How To Save For College One Kid At A Time

If you're a father, you've probably heard the adage that education is the key to your child's future success. You've definitely heard about the growing prices of a college degree as well.



 


According to U.S. News, in-state tuition and fees at public institutions have grown 212 per cent in the last 20 years. Tuition and expenses for out-of-state students at public schools have increased by 165 per cent. Private colleges, on the other hand, have witnessed a 144 per cent growth. College fees are rising, and you may be concerned about how to pay for them. Even if your children are still small, you are wise to consider how to begin saving for college.


According to a recent Fidelity survey, parents plan to cover an average of 65% of the overall cost of education. However, it was also highlighted that parents are only on track to fulfil 33% of their college savings goal. If you actually want to offer your child the gift of a college education while avoiding crippling student debt, the time to start planning is now.



When Should You Begin Saving for Your Children's College Education?

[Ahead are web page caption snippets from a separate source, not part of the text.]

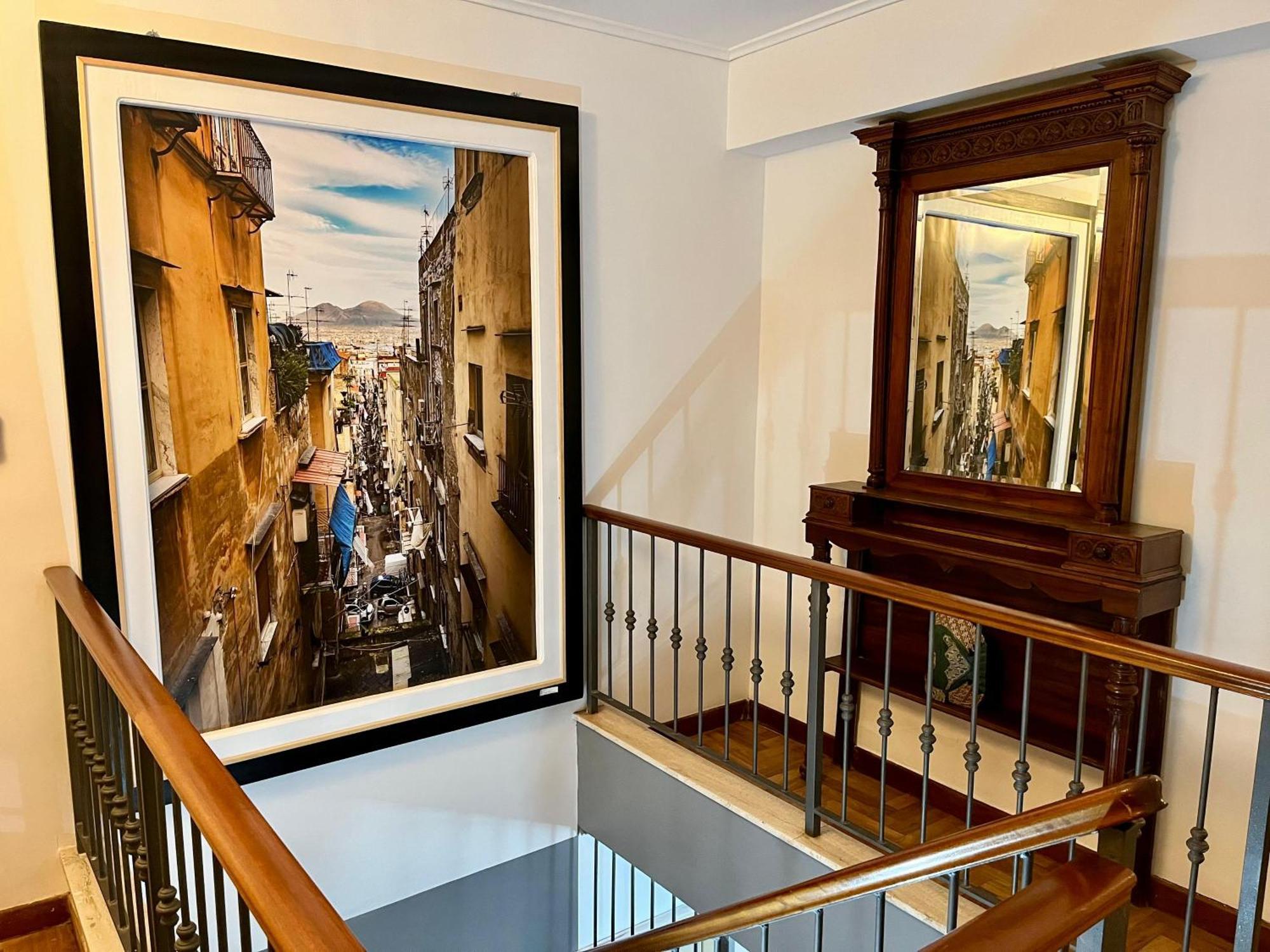 Palazzo Rota Guesthouse เนเปิลส์ ภายนอก รูปภาพ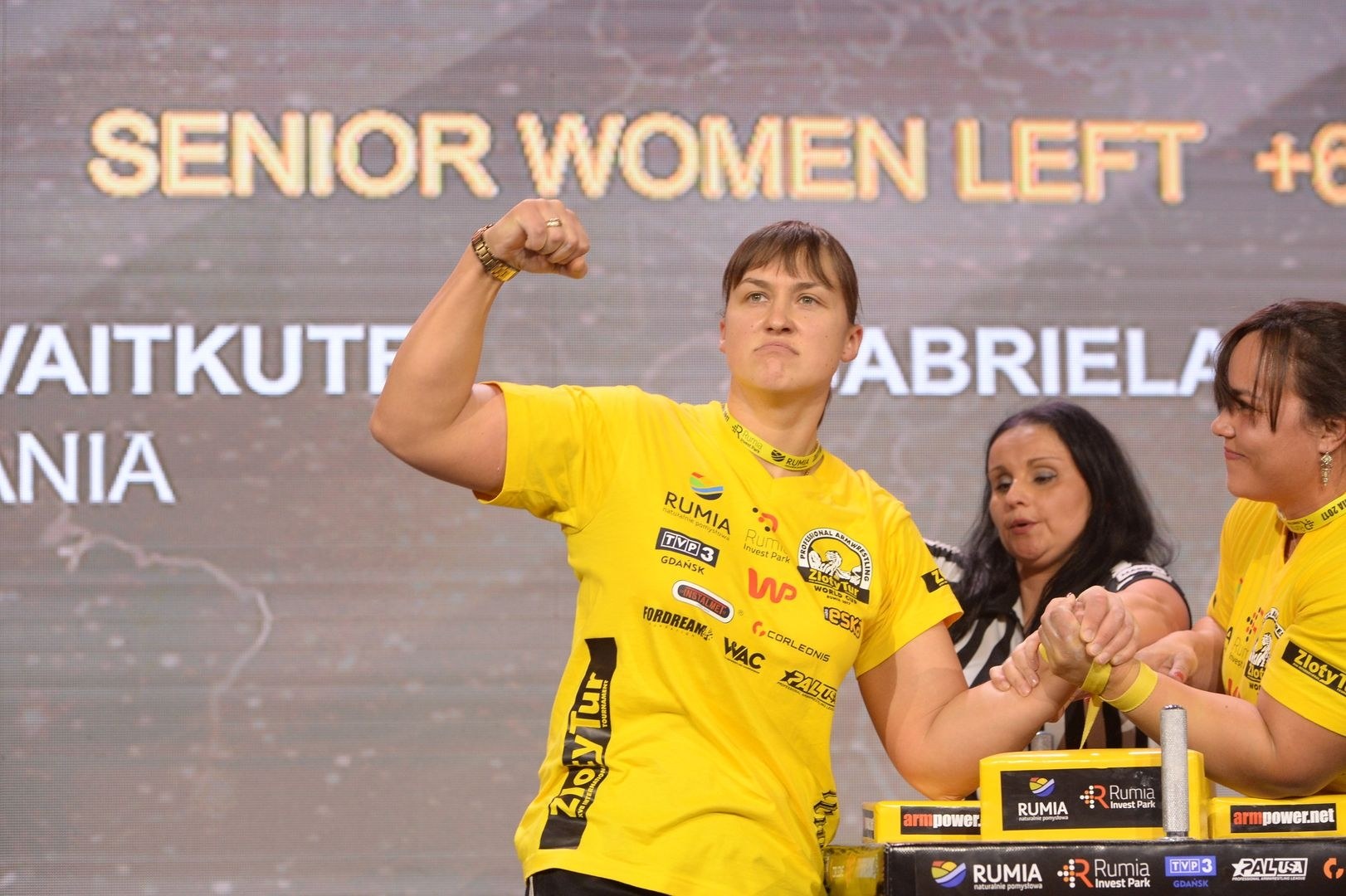 Zloty Tur 2017 Left Hand Finals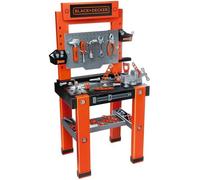 Smoby Établi pour enfants BLACK+DECKER Bricolo One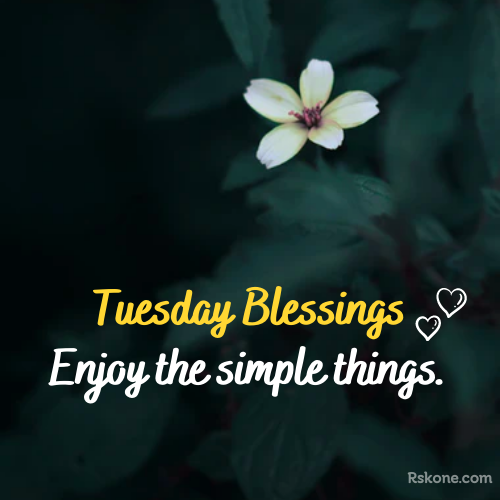 tuesday blessings images 20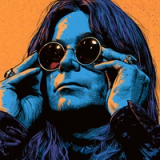 Ozzy Osbourne Option D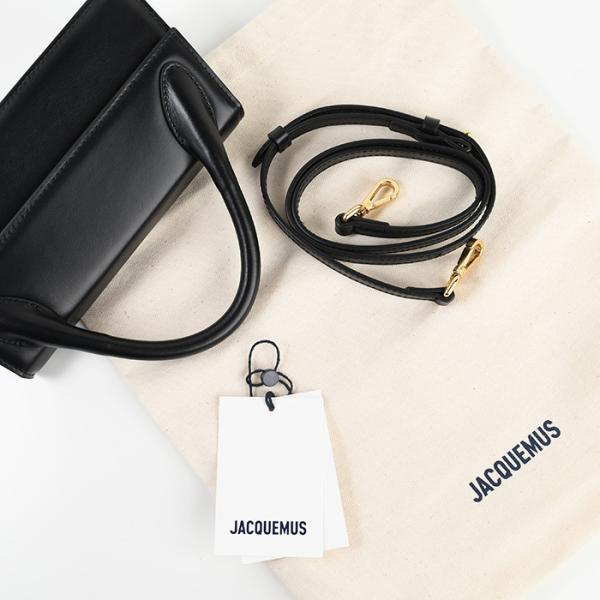 JACQUEMUS LE CHIQUITO 롱 핸드백 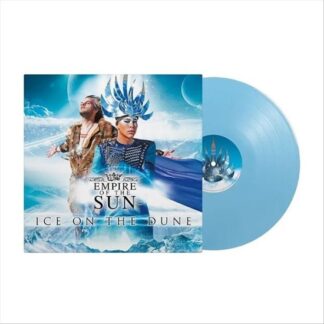 Ice on the Dune (LP blue)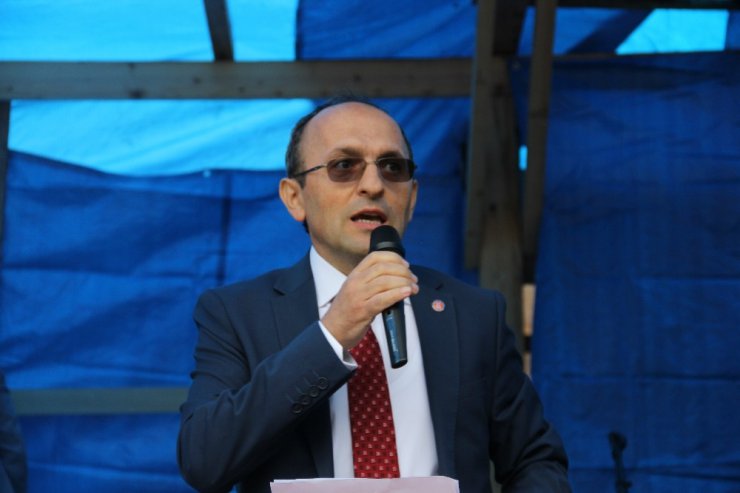 16’ncı Maçahel Saf Kafkas Arı ve Bal Festivali gerçekleştirildi
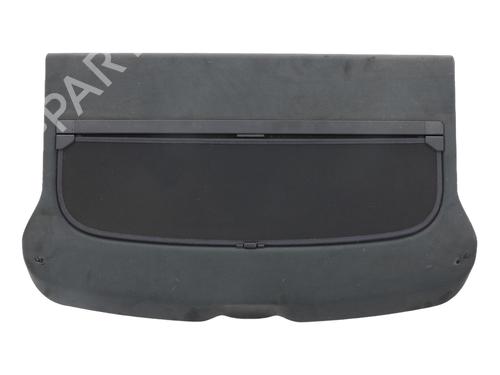 Used Rear parcel shelf AUDI A3 Sportback (8PA) 2.0 TDI 16V (140 hp) 28476966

Here is the College Board's average yearly total cost of attendance figures for 2020-2021, based on a modest budget:


$26,820 for an in-state four-year public college student

$43,280 for an out-of-state four-year public college student

$54,880 for a private college education


With such figures in mind, it's never too early to start saving for your children's education. Getting a head start provides your money more time to develop over time and recover from any dips.


It also means you can re-calibrate if your child appears to be on track for scholarships based on athletic or academic achievements, or if your child decides not to attend college. Keep in mind that the money you save will normally have an impact on the financial aid package your child is eligible for.



Before you start a college savings plan for your children, be sure you have all of your other financial ducks in a row. You should probably start by paying off any credit card amounts or other high-interest debt. Then check to see if you've paid off your own student debts, amassed an emergency fund (usually three to six months' worth of living expenses), and are on pace with your retirement savings.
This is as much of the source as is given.